Data for processing:
=== Section Start ===

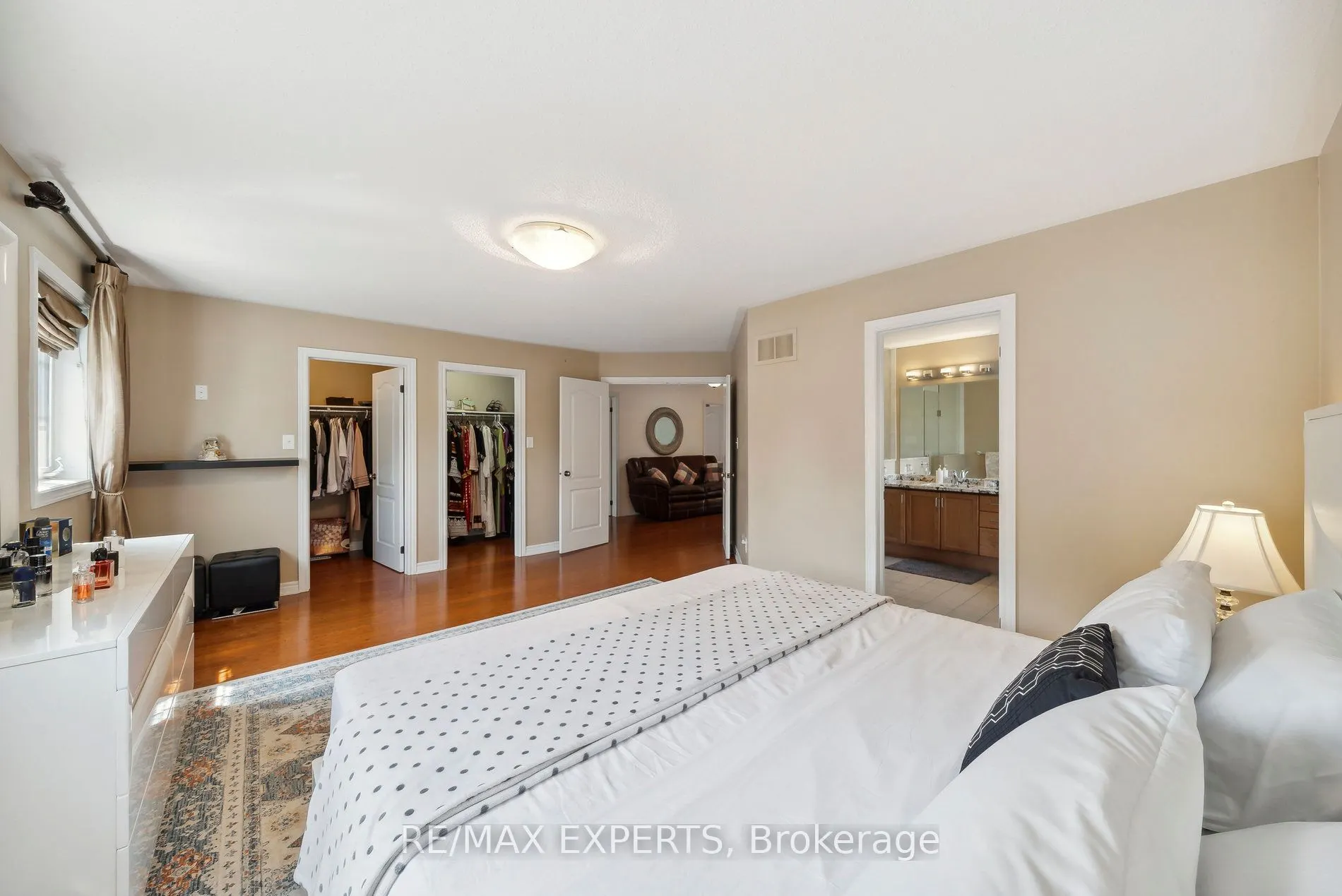 126 Josephine Road W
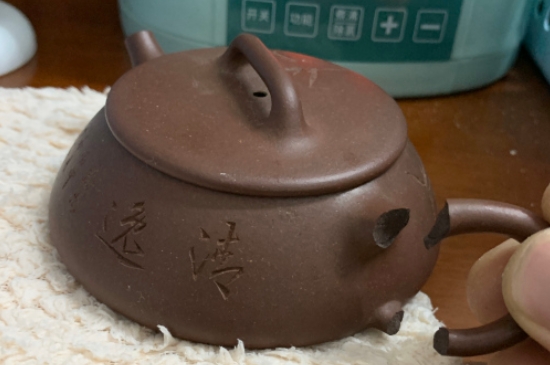 新買的紫砂壺為什么會(huì)裂，真的紫砂壺是不是很容易開裂？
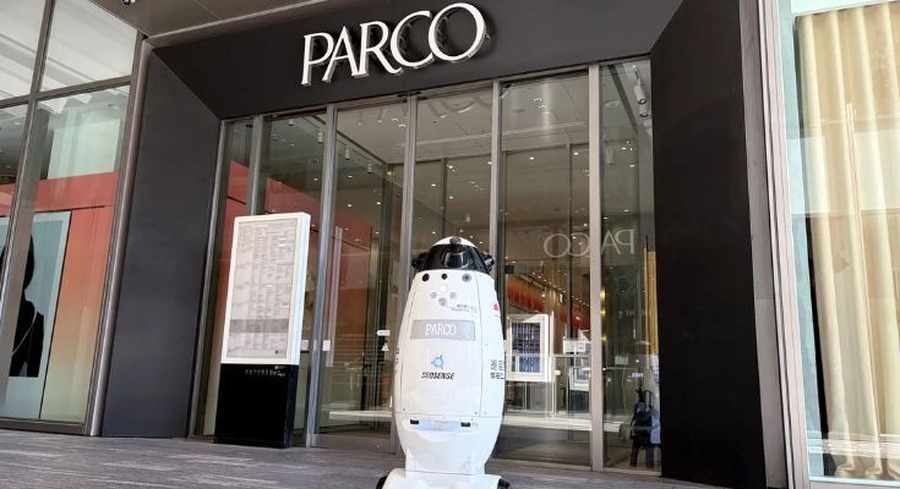 渋谷PARCOで警備ロボット「SQ-2」実証実験開始、SEQSENSEが人手不足解消へ挑む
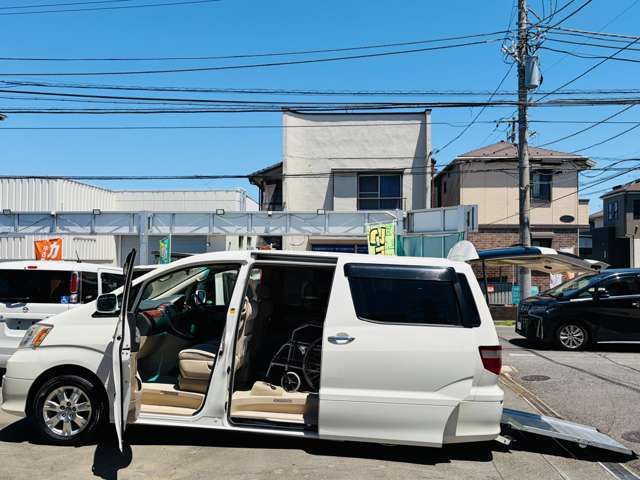 2004 Toyota Alphard – thumbnail 4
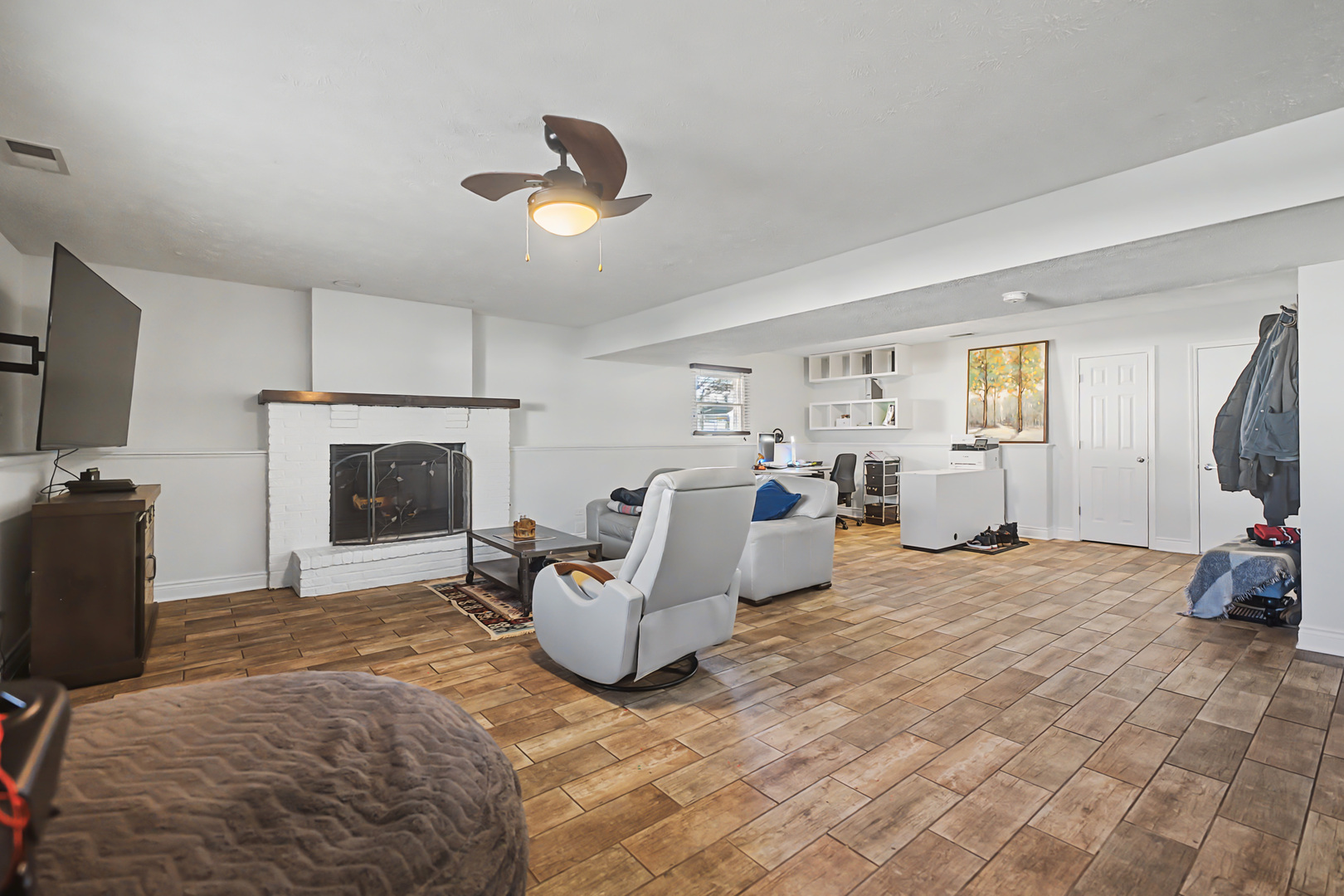 24914 W Illini Drive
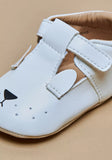 Barefeet white cat infant shoes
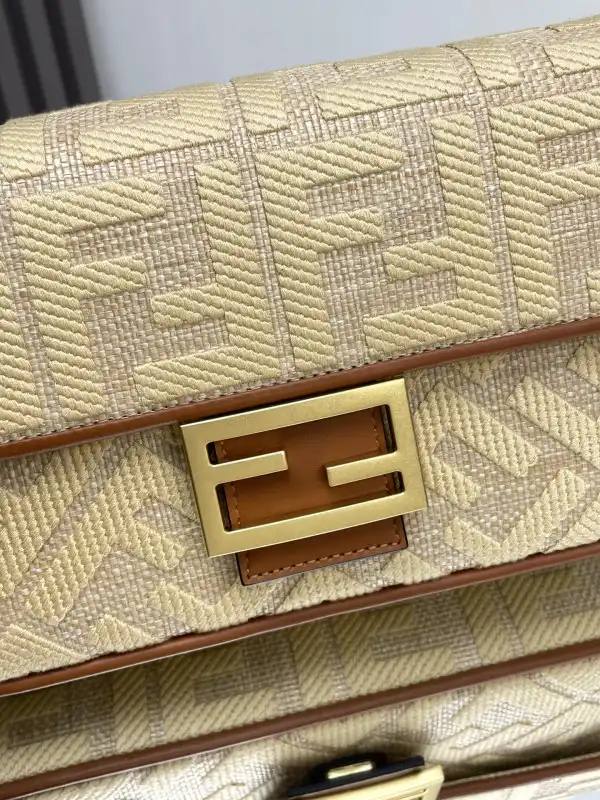 FENDI BAGUETTE-26*13*6CM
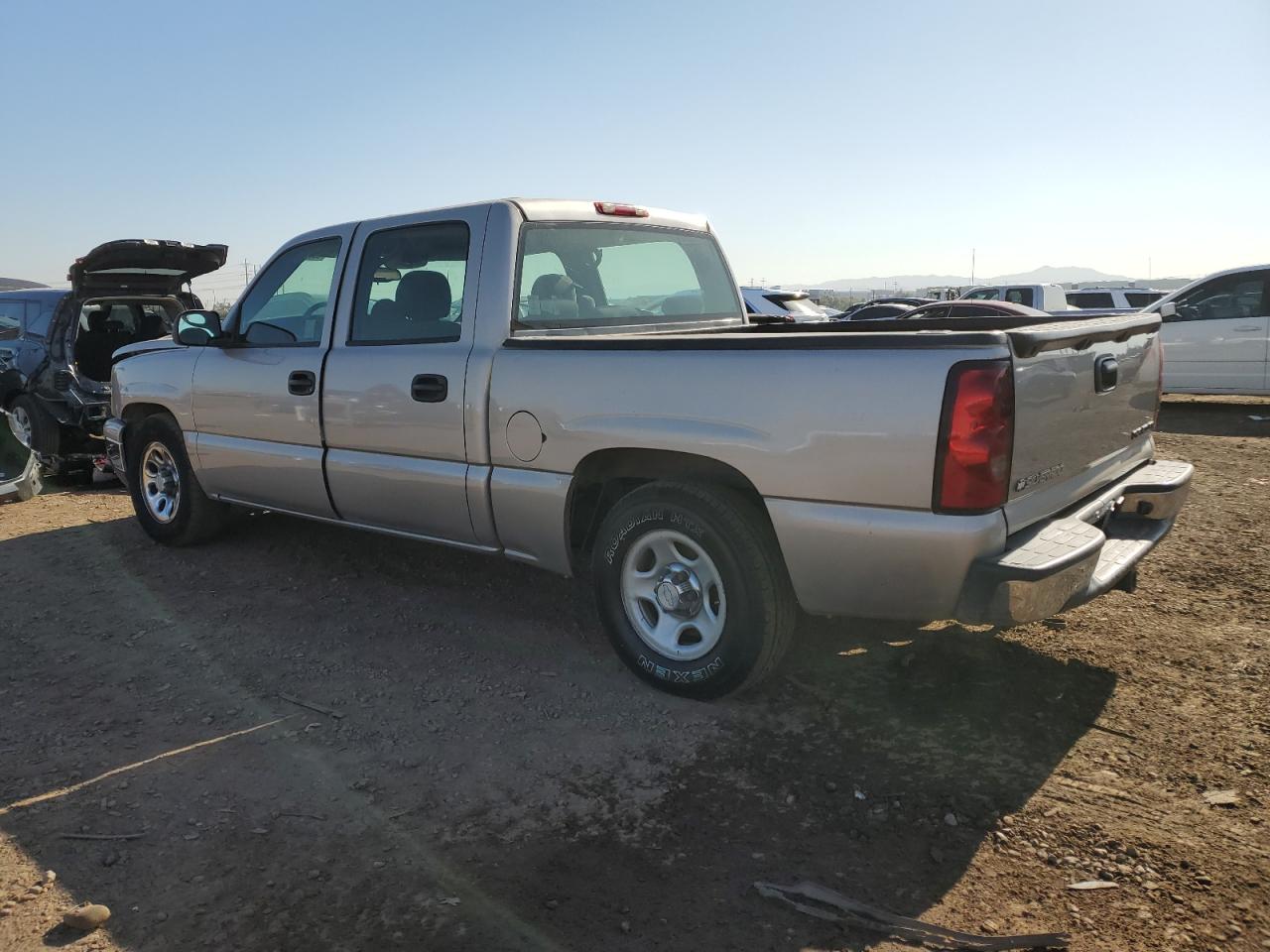 Image 2 of 2006 CHEVROLET SILVERADO C1500 2006 with VIN 2GCEC13V561192846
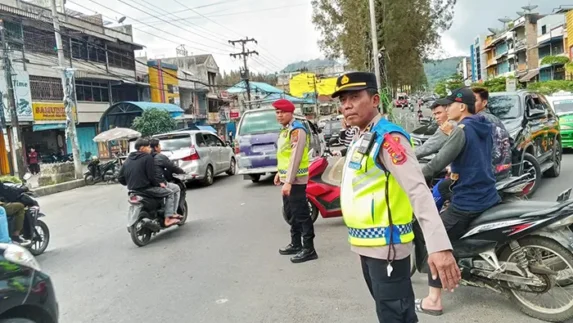 H+2 Tahun Baru, Arus Lalu Lintas di Karo Meningkat Namun Tetap Lancar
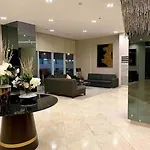Modern 1-Br Condo Unit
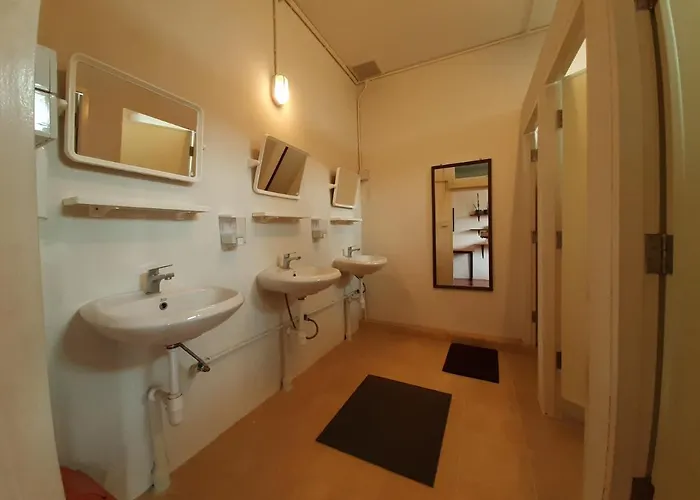 Bed and breakfast Pingplalee Female House *
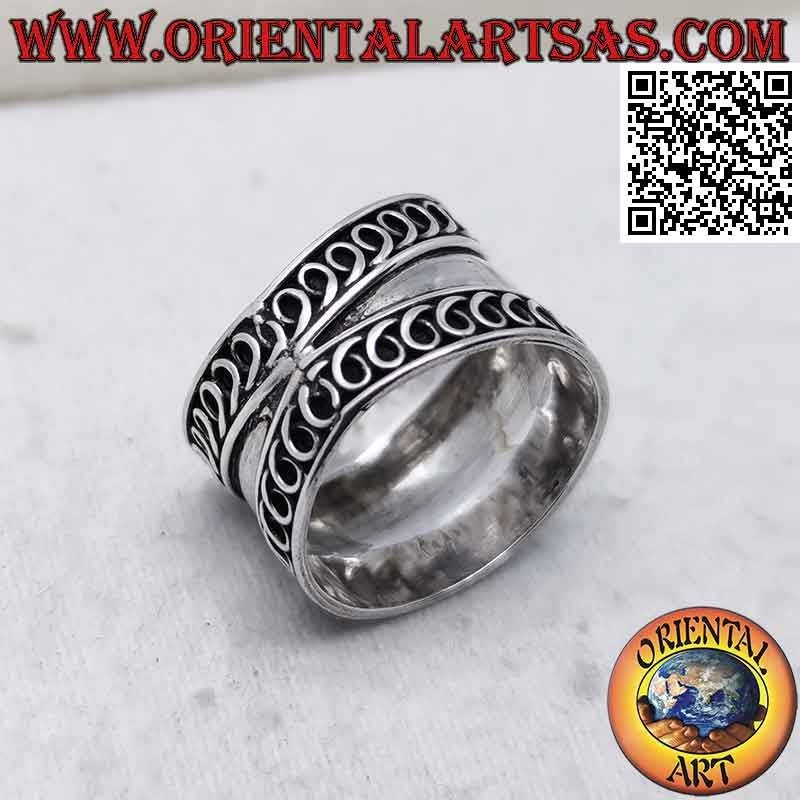 Bague large bande en argent avec fil spiralé à ressort, Bali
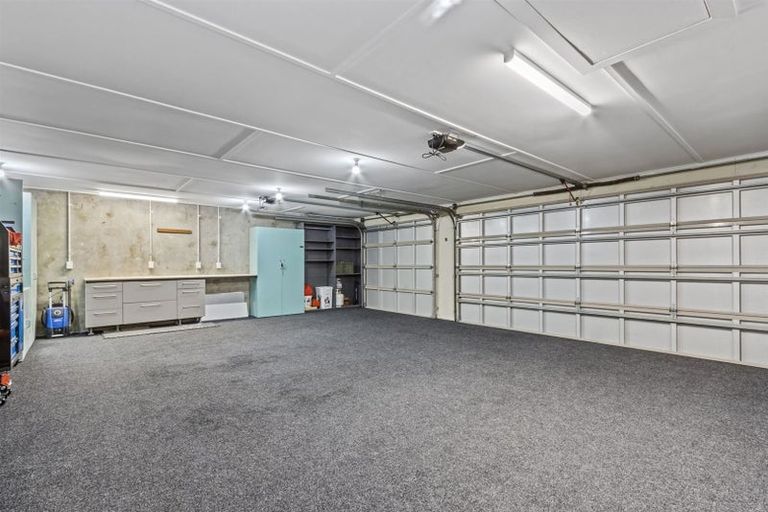 Photo of property in 1 Bancroft Place, Parklands, Christchurch, 8083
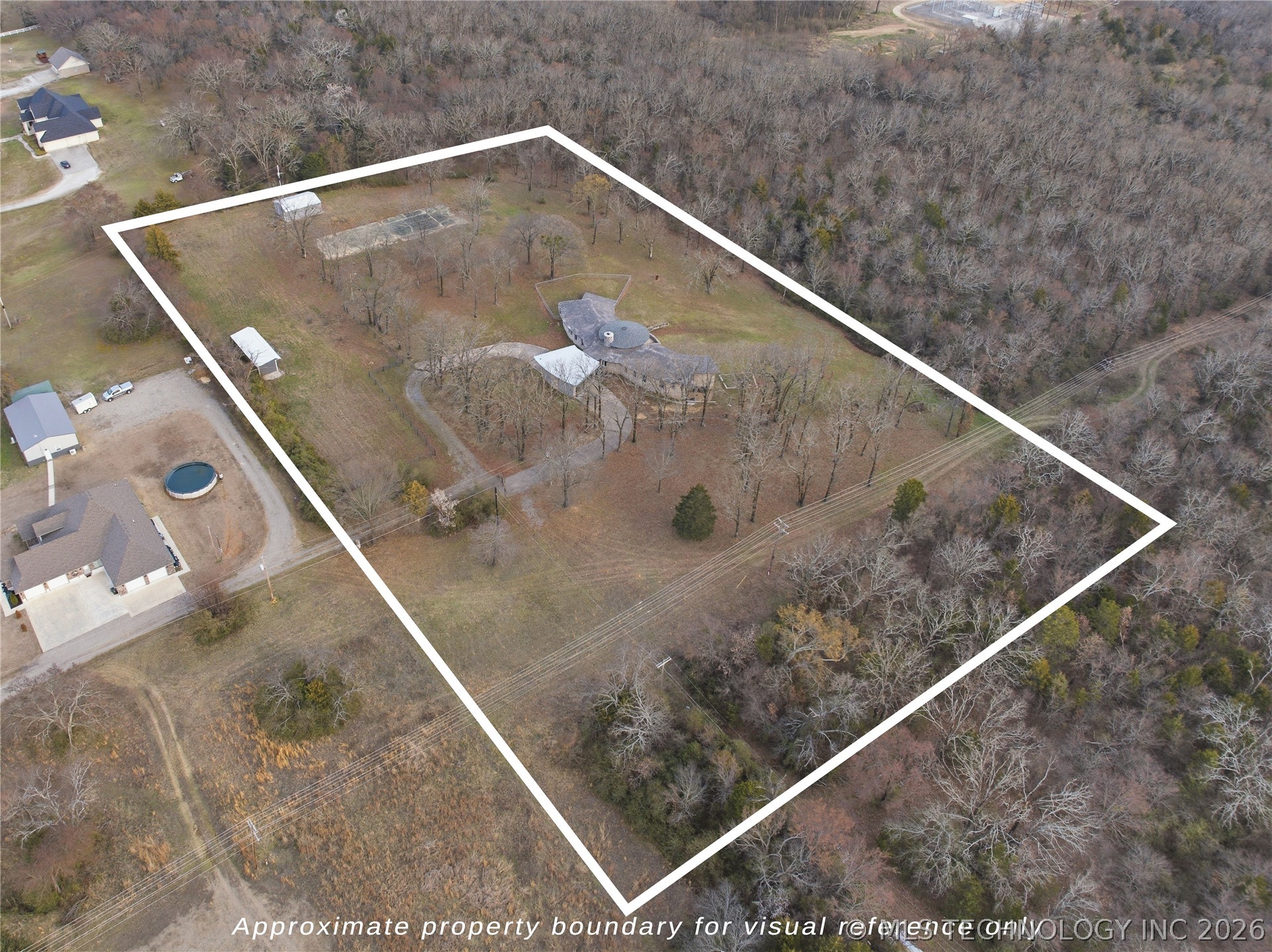 140 W Taylor Drive Property Photo 9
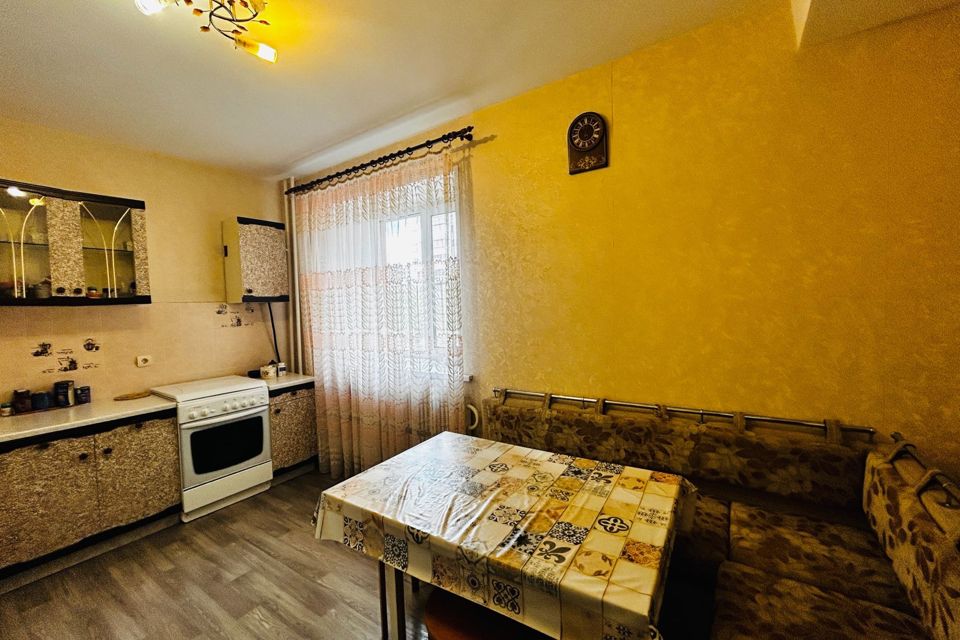 Продаётся 2-комнатная квартира, 64 м²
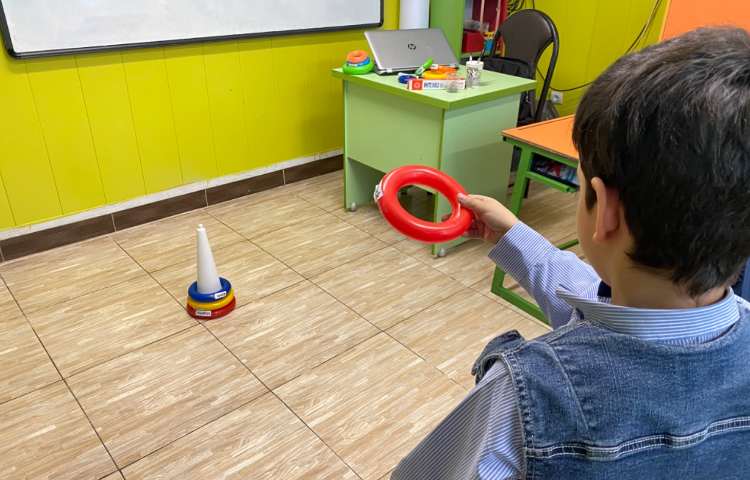 تمرین کلمات مربوط به حروف X,y,ch,sh,th,the با استفاده از بازی پرتاب حلقه 3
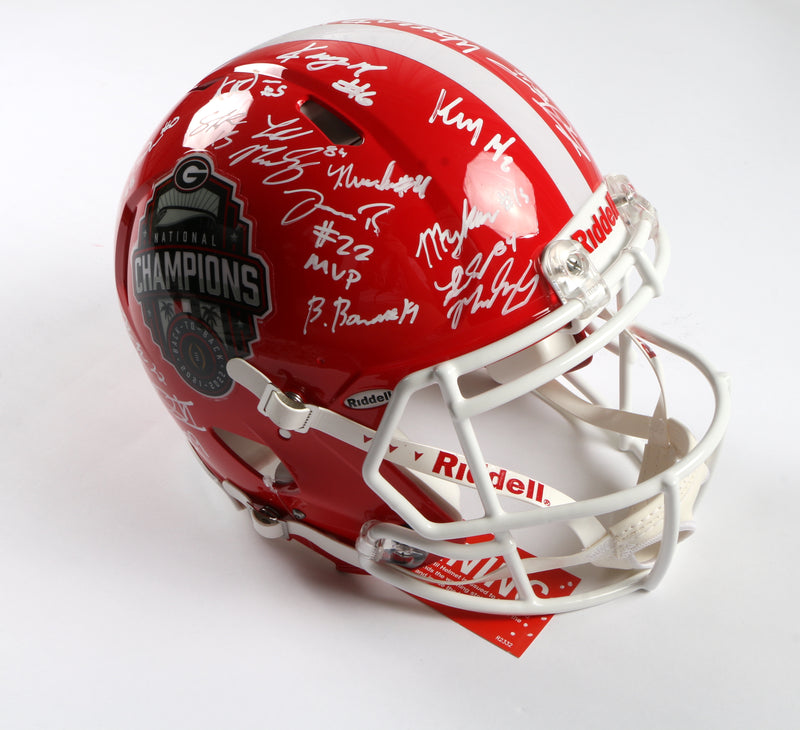 Georgia Bulldogs 2022 Team Signed Helmet Authentic Stetson Bennett Ladd Brock National Champs BAS AC32313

=== Section End ===

Assigned task: The copy should hold exactly the lines from the one containing "H+2 Tahun Baru, Arus" through the final line of the records above, both ends included, and no picture.

Output for this task:
 H+2 Tahun Baru, Arus Lalu Lintas di Karo Meningkat Namun Tetap Lancar
Modern 1-Br Condo Unit
 Bed and breakfast Pingplalee Female House *
 Bague large bande en argent avec fil spiralé à ressort, Bali
 Photo of property in 1 Bancroft Place, Parklands, Christchurch, 8083
 140 W Taylor Drive Property Photo 9
 Продаётся 2-комнатная квартира, 64 м²
 تمرین کلمات مربوط به حروف X,y,ch,sh,th,the با استفاده از بازی پرتاب حلقه 3
 Georgia Bulldogs 2022 Team Signed Helmet Authentic Stetson Bennett Ladd Brock National Champs BAS AC32313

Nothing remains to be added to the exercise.